Part 3: Securing communication channels

 

By now you’ve seen the cryptographic building blocks — hashes, HMACs, AES, RSA, elliptic curves — and you know how they work in isolation. But security isn’t just about the math. It’s about trust. Who are you really talking to? Can you be sure that the keys you’re using belong to the right person or system? And how do you keep conversations private when the network itself can’t be trusted?
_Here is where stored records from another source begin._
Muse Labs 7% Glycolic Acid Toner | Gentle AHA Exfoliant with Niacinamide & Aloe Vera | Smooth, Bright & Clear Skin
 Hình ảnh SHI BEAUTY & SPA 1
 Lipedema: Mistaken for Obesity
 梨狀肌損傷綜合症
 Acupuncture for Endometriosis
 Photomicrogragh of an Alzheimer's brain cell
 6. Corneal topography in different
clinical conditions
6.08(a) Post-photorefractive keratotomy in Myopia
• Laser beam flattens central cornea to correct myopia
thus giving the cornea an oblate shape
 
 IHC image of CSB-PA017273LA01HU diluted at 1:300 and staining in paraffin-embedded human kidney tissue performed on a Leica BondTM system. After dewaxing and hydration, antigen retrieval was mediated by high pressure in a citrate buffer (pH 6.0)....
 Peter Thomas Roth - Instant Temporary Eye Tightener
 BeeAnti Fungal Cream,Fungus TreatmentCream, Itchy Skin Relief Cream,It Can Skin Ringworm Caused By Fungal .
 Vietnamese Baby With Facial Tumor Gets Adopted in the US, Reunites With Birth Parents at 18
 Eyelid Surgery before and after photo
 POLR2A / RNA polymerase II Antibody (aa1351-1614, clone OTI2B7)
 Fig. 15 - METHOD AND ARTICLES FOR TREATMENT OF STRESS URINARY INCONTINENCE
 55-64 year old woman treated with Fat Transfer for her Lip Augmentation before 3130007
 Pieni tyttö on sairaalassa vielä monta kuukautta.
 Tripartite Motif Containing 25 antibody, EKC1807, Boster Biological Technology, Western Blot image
Part 3 connects the building blocks into systems that establish trust and protect communication over hostile networks. You’ll start by learning how digital certificates and public key infrastructure (PKI) solve the “who are you talking to?” problem (chapter 8). You’ll then follow the lifecycle of a certificate, from creation to validation, renewal, and even revocation. We’ll also talk about how to handle self-signed certificates and set up your own certificate authority for local development (chapter 9). Finally, you’ll see it all put together with TLS (chapter 10), the protocol that secures the modern internet, protects against eavesdropping and impersonation, and keeps data safe in motion.

Throughout Part 3, the Acme Inc. case study keeps us grounded in real-world software systems. You’ll experiment with tools like OpenSSL, configure Spring Boot apps with certificates, and understand how an orchestrator such as Kubernetes ingress controllers and service meshes handle TLS at scale.